Often in these blogs we limit ourselves to our specialty, which just so happens to be indoor flooring. Wood, tile, marble, vinyl, carpet, laminate, cement- These are the materials we use most often to improve our customers' homes. What we forget is that, while what you see within a home is the most intimate glimpse into a family's life, the outside gives that all-important first impression.

We hate to admit it, but it's really easy to judge a book by its cover, so to speak. Haven't you ever pulled up to a friend's house and instantly took a mental note of how the yard, the siding, and general state of the home looked? If you're like us you have, and your first impression probably landed in one of these three categories:


"Wow, would you look at this place? It's GORGEOUS!"


"Aw, it's so cute."


"Yikes. This place is kind of a mess."

Ringing any bells? Good upkeep of the house exterior is a must if you ever want to reach category 1. What better way to start than from the ground up? For many homes that means the porch. It doesn't take much to make a painted porch look dingy and uninviting. Time does the job, really, and peeling, patchy paint is enough to make anyone stare with disapproval. Your home deserves better!

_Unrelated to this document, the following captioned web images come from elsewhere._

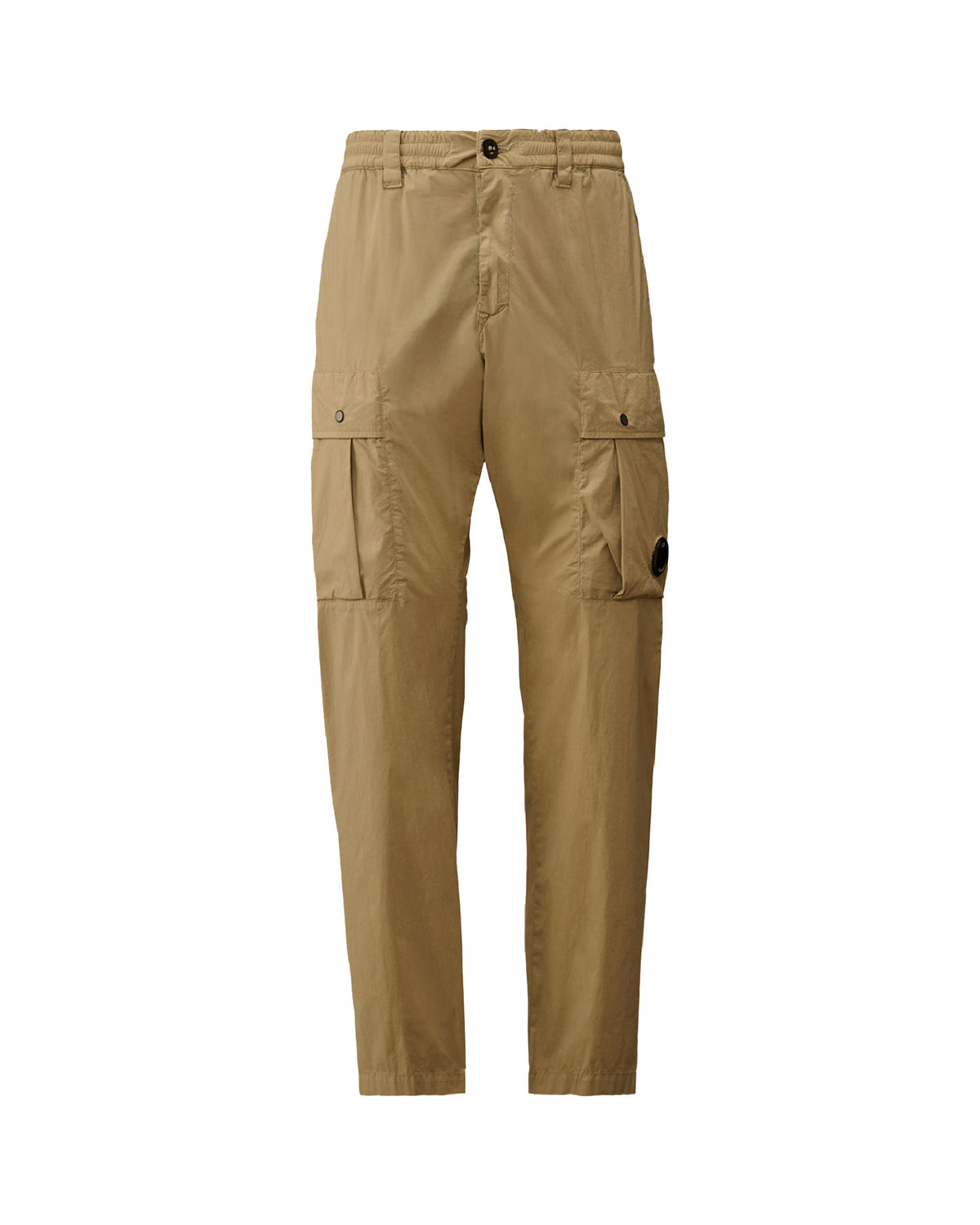 Pantalone Uomo CP Company Cargo In 50 Fili Stretch Moss Gray Beige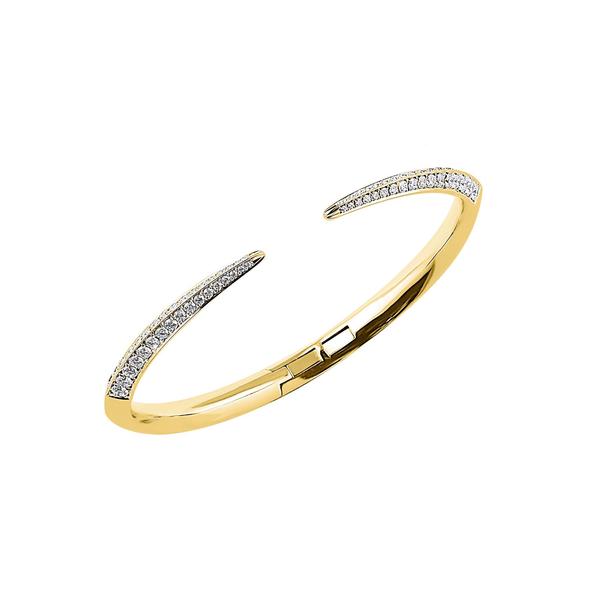 shaun leane Sabre Fine Slim Bangle - 18ct Yellow Gold & Diamond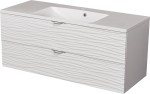 Szafka łazienkowa biała 120 cm SYDNEY z umywalką [PRODUKT NIEDOSTĘPNY]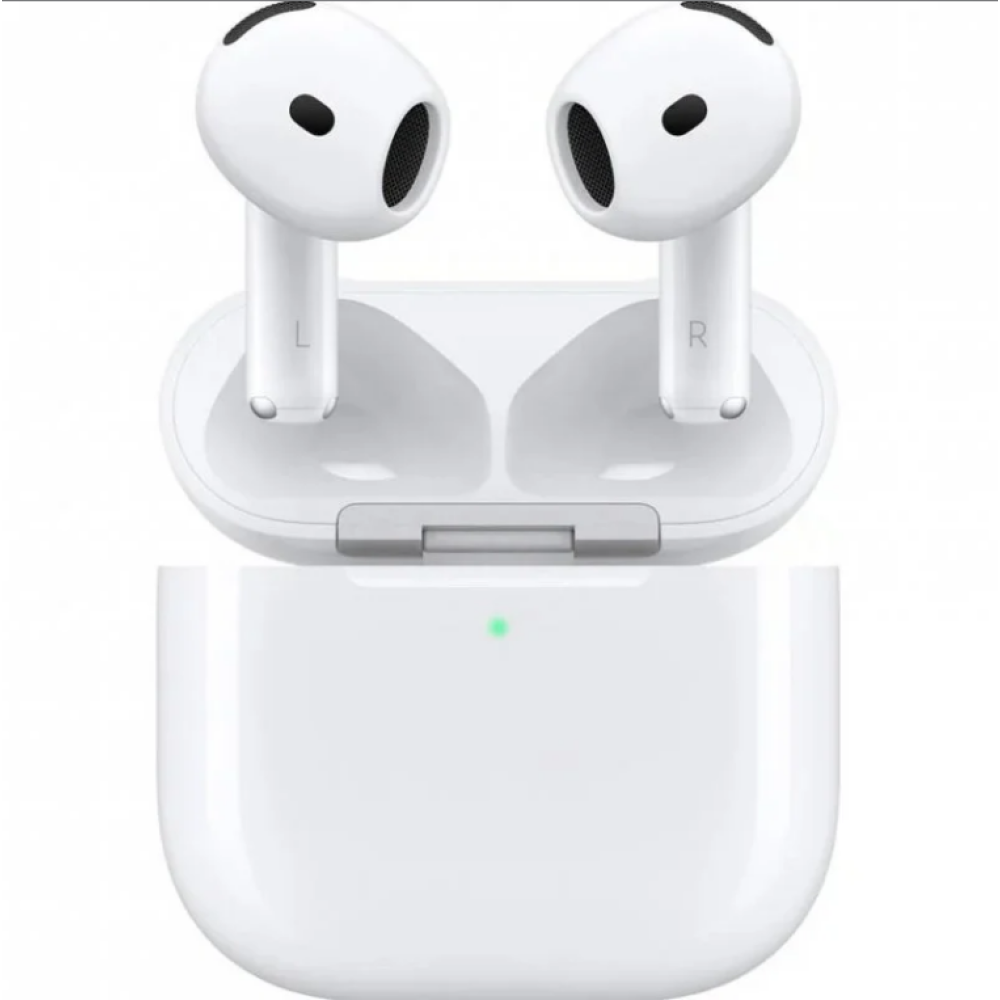 Безпровідна гарнітура Apple Airpods 4, чип Zhongke8922, White - 1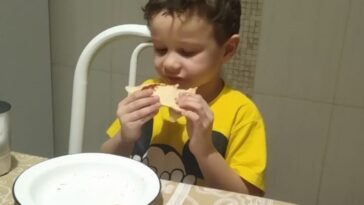 pizzería envía pizza sin relleno para un niño autista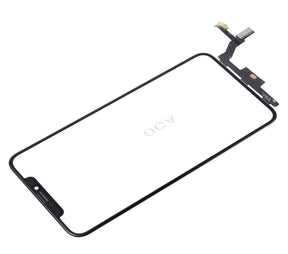 3 in 1 (Glass With OCA Pre-Installed + Frame) Compatible For iPhone 8 Plus (OCA Master) (2 Pack)(Black)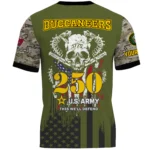 Tampa Bay Buccaneers x U.S. Army 250th Celebration Night Game 3D T-Shirt Limited 2026 Custom Your Name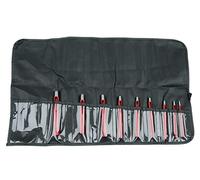 Juego de sacabocados circulares, 9 pzs.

As you probably have already guessed, we want to give you a little insight into what you can do to make your porch deck look new again. We're fast approaching the perfect time of year to take on a project like this, so you might as well be prepared.

Let's do this!

Step 1: Prep Your Deck

We don't want to do more harm than good, so you'll need to protect everything on and around your porch from the process that is about to begin. Use plastic sheets to cover any siding connected to the porch, windows near the porch, as well as any greenery or flowers. Secure with painter's tape. Then, clear the area of all furniture and decoration.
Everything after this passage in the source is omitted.